= British Library, Add MS 12150 =

British Library, Add MS 12150 is the second oldest extant Syriac manuscript and the oldest codex bearing a date in any language.

According to the original partially damaged colophon, the manuscript was copied in Edessa in the year 723 of the Seleucid era, that is, AD 411. In AD 1086 (Seleucid 1398), the colophon was copied onto a different folio. This copy preserves the name of scribe, Jacob. The manuscript was brought at some point to Baghdad and from there in 931 to the Deir al-Suryani in Egypt among some 250 manuscripts collected by Moses of Nisibis. It was among the manuscripts sent to Britain from Deir al-Suryani by Paul de Lagarde in 1838 and 1843. The codex is currently housed at the British Library, catalogued as number 12150 in the additional manuscripts collection.

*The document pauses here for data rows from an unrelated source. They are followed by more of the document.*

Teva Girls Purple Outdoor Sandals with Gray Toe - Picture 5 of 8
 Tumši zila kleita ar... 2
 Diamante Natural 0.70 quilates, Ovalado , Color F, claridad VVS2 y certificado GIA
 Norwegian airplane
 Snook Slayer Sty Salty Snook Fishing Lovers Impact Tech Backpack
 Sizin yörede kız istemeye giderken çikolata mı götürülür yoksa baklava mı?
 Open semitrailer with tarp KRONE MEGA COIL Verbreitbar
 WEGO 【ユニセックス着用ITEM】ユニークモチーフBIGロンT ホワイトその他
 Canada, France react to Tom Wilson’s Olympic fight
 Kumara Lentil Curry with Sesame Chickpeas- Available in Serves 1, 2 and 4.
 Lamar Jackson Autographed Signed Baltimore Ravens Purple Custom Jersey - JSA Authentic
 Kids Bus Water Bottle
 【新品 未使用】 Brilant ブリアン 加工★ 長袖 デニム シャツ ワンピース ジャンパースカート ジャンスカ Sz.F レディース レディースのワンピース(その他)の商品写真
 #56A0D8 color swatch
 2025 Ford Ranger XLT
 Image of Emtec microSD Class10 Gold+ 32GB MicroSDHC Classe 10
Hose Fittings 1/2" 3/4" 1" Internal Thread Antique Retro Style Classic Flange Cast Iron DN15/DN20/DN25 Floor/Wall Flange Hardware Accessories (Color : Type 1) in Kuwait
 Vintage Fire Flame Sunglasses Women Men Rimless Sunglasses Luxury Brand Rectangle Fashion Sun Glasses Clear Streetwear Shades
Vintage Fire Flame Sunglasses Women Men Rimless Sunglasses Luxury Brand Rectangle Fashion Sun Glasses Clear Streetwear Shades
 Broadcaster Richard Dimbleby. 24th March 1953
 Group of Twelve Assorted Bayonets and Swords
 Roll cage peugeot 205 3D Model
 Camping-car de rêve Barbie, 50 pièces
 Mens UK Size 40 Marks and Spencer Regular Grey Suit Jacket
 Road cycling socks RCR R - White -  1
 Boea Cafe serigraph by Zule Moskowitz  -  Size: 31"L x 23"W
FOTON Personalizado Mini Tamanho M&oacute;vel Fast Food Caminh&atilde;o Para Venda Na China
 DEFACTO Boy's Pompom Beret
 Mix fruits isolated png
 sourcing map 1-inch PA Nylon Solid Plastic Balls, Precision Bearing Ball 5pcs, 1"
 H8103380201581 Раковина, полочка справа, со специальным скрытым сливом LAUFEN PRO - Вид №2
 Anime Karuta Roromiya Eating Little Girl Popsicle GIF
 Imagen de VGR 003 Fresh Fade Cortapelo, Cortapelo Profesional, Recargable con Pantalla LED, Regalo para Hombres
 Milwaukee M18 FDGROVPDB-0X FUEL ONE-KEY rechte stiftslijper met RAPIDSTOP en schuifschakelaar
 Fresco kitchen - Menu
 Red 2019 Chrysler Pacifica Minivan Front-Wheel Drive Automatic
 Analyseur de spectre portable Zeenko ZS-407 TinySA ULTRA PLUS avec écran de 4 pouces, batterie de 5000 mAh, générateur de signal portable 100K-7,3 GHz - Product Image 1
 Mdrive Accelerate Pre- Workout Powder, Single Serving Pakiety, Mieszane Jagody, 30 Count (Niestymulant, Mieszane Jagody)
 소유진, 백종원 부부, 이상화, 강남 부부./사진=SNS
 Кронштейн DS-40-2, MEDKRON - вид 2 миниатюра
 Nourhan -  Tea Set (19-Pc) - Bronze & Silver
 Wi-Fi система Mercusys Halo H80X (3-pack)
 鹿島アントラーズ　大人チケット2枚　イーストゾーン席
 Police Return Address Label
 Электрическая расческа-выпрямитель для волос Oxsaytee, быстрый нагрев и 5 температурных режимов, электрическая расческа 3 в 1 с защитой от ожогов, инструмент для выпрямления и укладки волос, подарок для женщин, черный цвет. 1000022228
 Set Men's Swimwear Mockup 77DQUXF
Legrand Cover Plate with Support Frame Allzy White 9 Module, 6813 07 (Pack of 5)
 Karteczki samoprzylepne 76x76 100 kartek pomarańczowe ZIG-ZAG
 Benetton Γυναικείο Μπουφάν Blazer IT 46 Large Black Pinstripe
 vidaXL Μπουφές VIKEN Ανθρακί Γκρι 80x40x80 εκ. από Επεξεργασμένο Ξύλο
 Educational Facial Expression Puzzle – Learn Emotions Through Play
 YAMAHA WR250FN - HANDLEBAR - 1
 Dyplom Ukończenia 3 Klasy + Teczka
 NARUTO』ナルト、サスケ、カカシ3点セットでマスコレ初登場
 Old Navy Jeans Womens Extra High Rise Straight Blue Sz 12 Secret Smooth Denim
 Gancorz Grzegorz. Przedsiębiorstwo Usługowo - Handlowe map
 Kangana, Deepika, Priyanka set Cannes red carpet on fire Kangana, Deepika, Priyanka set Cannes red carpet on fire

The codex contains text of Pseudo-Clement's Recognitiones; Titus of Bostra's Four Discources Against the Manichaeans; Eusebius of Caesarea's On the Theophany, On the Confessors of Palestine and Eulogy of the Confessors' Virtue; and an anonymous martyrology. It has 255 parchment leaves. The writing is in three columns per page, in 38–42 lines per column, in ʾesṭrangēlā script. The ink is black and brown.